= Beginning of Section =
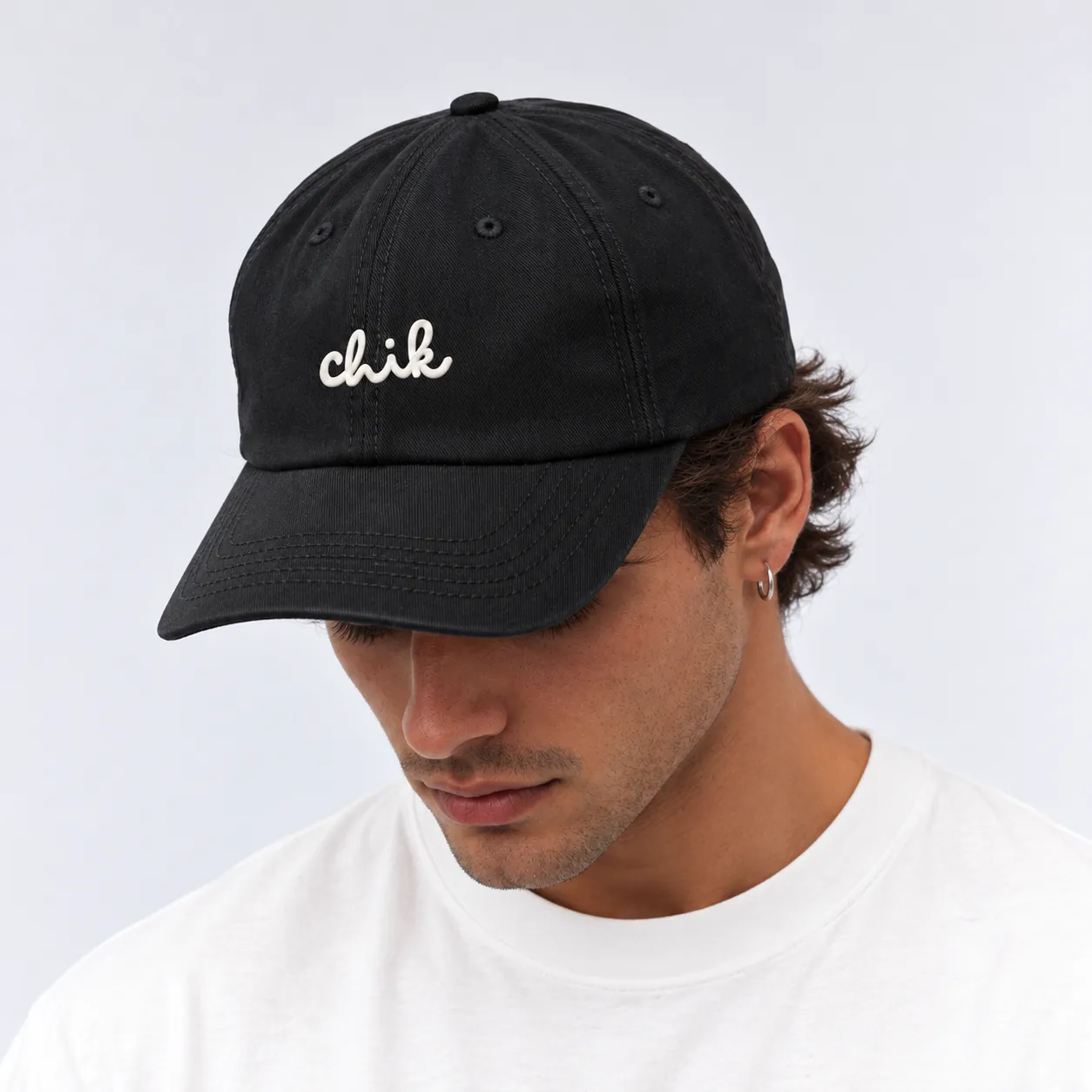 Black Chik cap with embroidered logo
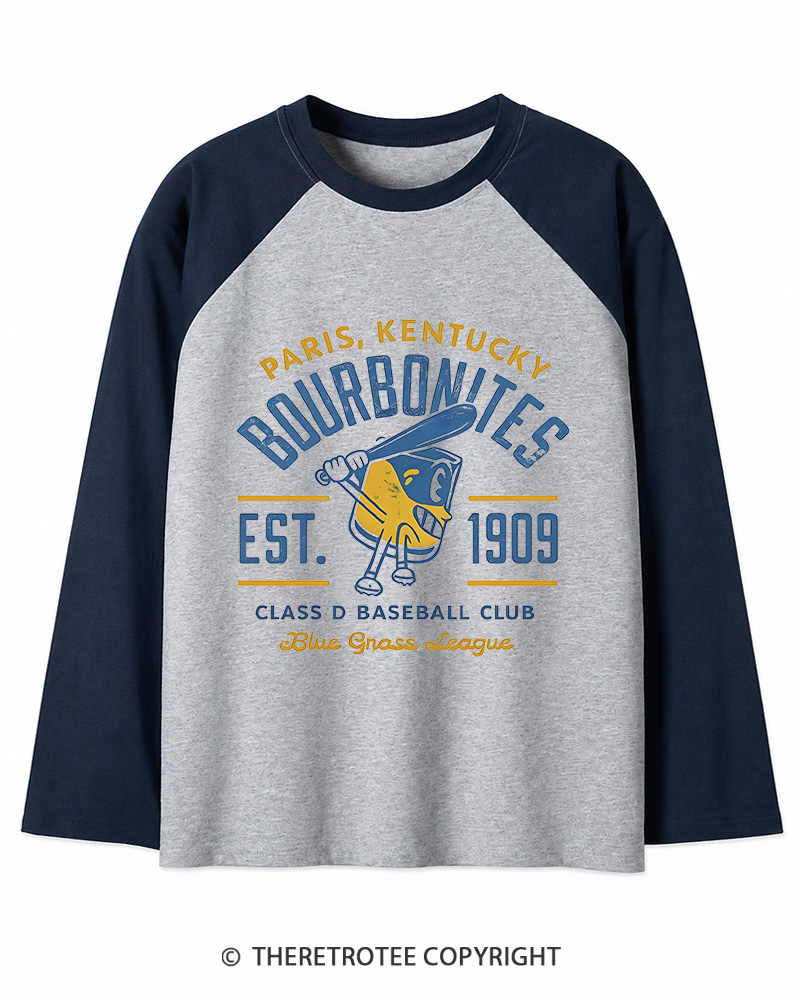 TheRetroTee 1900s Bourbon League Slugger Retro Long Sleeve Raglan T-Shirt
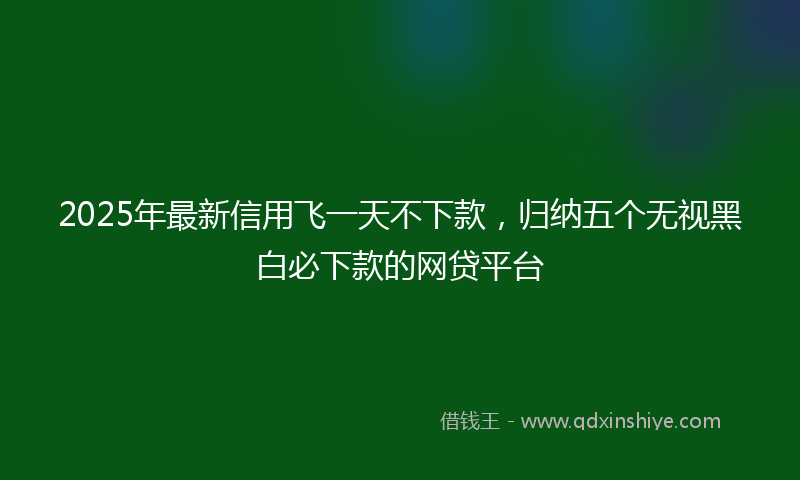 2025年最新信用飞一天不下款，归纳五个无视黑白必下款的网贷平台
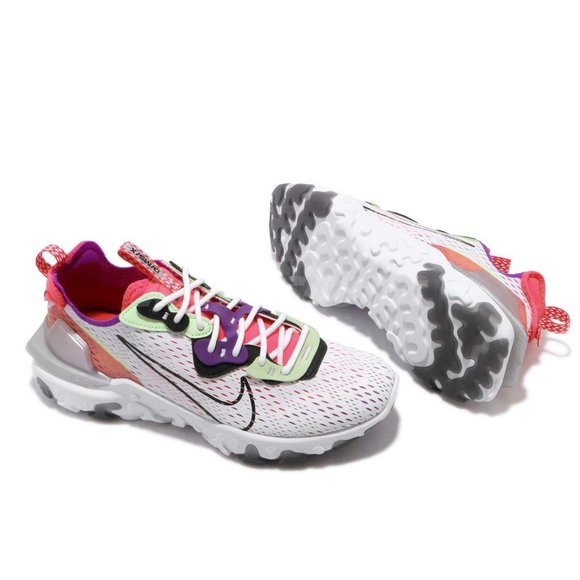 🔥 NEW Nike React Vision D/MS/X Summit White Purple Volt Grey Mens Shoes Size 10 - Picture 3 of 8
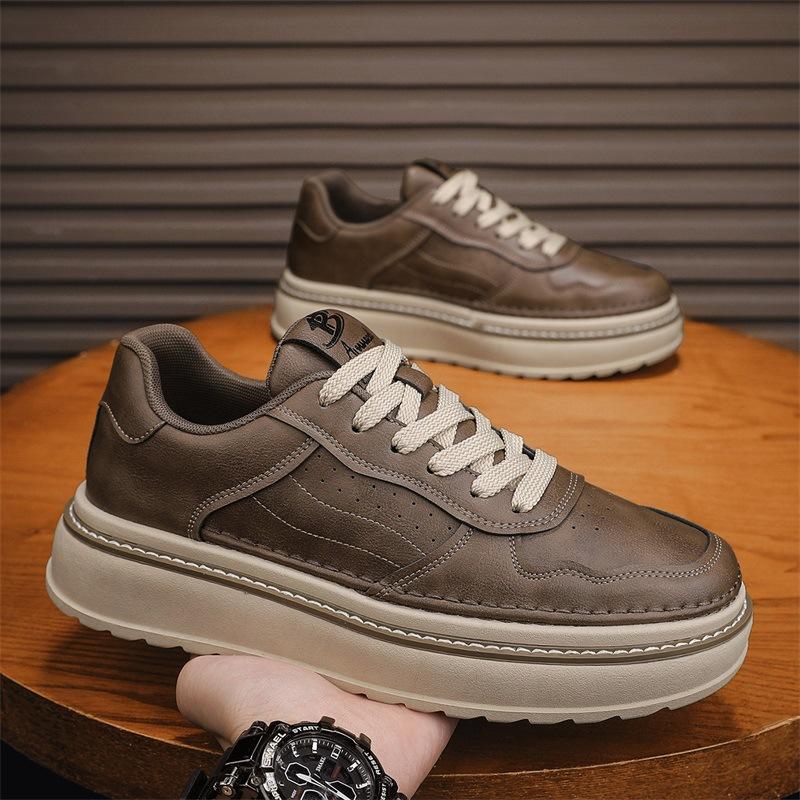 Autumn new youth retro leather casual shoes platform heightening board shoes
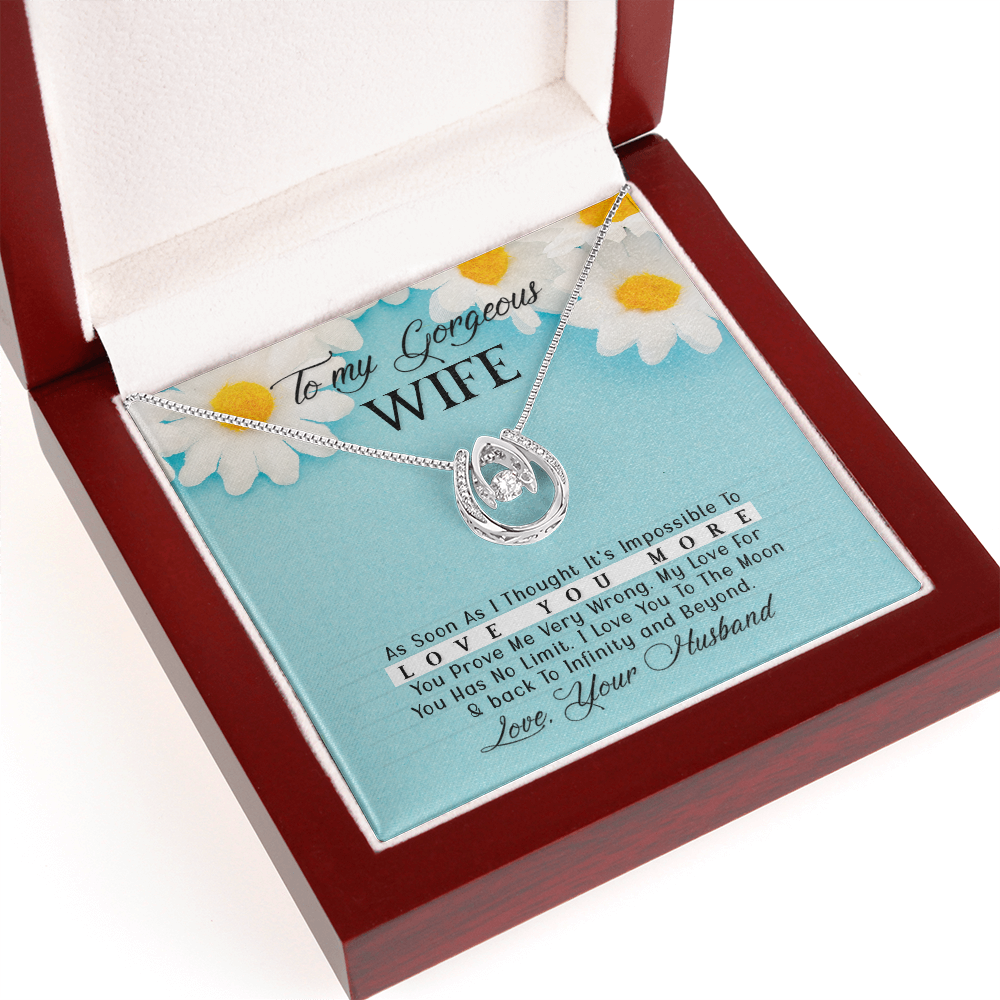 My Gorgeous Wife Necklace - Endless Love Gifts Jewelry Mahogany Box with LED Spotlight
= End of Section =
What the task asks — Where an entry includes an image, skip the image and return everything else exactly.

Result —
 Black Chik cap with embroidered logo
 TheRetroTee 1900s Bourbon League Slugger Retro Long Sleeve Raglan T-Shirt
 2025年最新信用飞一天不下款，归纳五个无视黑白必下款的网贷平台
 🔥 NEW Nike React Vision D/MS/X Summit White Purple Volt Grey Mens Shoes Size 10 - Picture 3 of 8
 Autumn new youth retro leather casual shoes platform heightening board shoes
 My Gorgeous Wife Necklace - Endless Love Gifts Jewelry Mahogany Box with LED Spotlight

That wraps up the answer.